Dentro da possibilidade de os atos delitivos terem sido praticados em diferentes jurisdições territoriais, a sugestão da autora é que os diferentes membros do Ministério Público nas jurisdições envolvidas atuem na negociação do acordo, separando os fatos em "anexos" a fim de preservar o sigilo. Dessa maneira, isola-se o que os magistrados de cada territorialidade terão acesso acerca dos fatos delatados, garantindo que serão analisados somente os aspectos importantes para aquela homologação. Caso isso não seja possível, a autora sugere, para a proteção do próprio colaborador, que os dados da colaboração não sejam compartilhados. Isso vale também a terceiros interessados, que devem aderir aos termos do acordo para que acessem seus benefícios.

Por fim, VERÍSSIMO propõe algumas soluções relativas às hipóteses de modificações da competência referentes à conexão e à continência. Nesse ponto, assevera que se um dos delatados possuir foro privilegiado, a competência para a homologação do acordo é do tribunal de maior graduação. Além disso, defende que, dentro dos órgãos colegiados, a competência é do relator e, nos casos em que existem tanto crimes federais como estaduais, a competência é da Justiça Federal.

Nota-se que a Procuradora Federal foca no acordo como um meio de obtenção de prova, de modo que os meios que sugere para solução dos conflitos de competência partem desse aspecto do acordo.

Nessa linha, em análise jurisprudencial acerca do tema, VASCONCELLOSiv parece seguir a mesma vertente teórica do acordo de colaboração premiada como meio de obtenção de prova para definição do juízo competente para homologação. O autor afirma que a lógica adotada pelas Cortes Superiores costuma ser a mesma relacionada a pedidos de quebra de sigilos e de interceptações telefônicas e telemáticas, restando, portanto, coerentes os critérios tradicionais como determinantes. Faz apenas duas ressalvas: quando houver prerrogativa de foro, a homologação só será efetiva em relação a fatos delatados correspondentes à investigação matriz; e há a vinculação do órgão colegiado ao acordo quando a homologação é feita monocraticamente pelo relator.

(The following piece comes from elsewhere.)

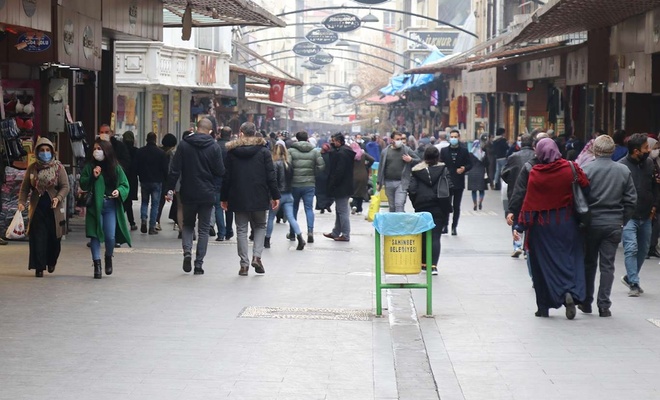 Gaziantep'te Covid-19 tedbirlerini ihlal eden 276 kişiye para cezası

Do mesmo modo, ao se debruçar sobre o entendimento do Superior Tribunal Federal, LINHARESv conclui que a homologação do acordo compete ao juízo responsável pela autorização de outras medidas investigativas e, nos órgãos colegiados, o relator é o responsável, mas a vinculação do colegiado se dá na medida da efetividade dos elementos colhidos.

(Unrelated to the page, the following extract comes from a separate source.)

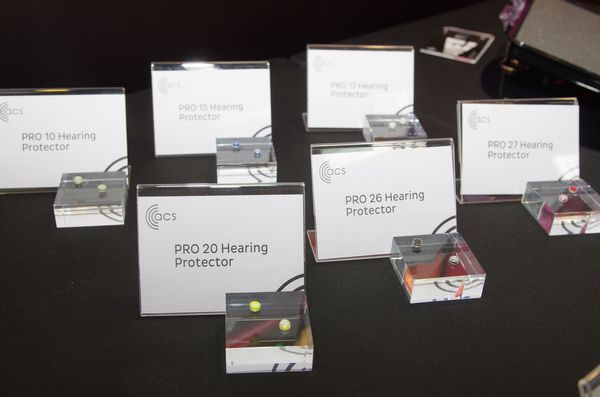 Computex 2014 ：來自英國的客製耳機與醫療保健廠商 ACS ，展出基於 3D 列印的 T15 準量產耳機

REINALDETvi, por sua vez, compõe uma vertente teórica diversa da apresentada anteriormente. O texto do autor procura demonstrar outra perspectiva acerca da definição de competência para a homologação do acordo de colaboração premiada, que considera sua natureza de estratégia defensiva, com fundamento em decisões jurisprudenciais, especialmente do Tribunal Regional Federal da 4.ª Região.

Assim, o autor expõe duas principais hipóteses de fixação da competência nos casos de homologação do acordo de colaboração premiada.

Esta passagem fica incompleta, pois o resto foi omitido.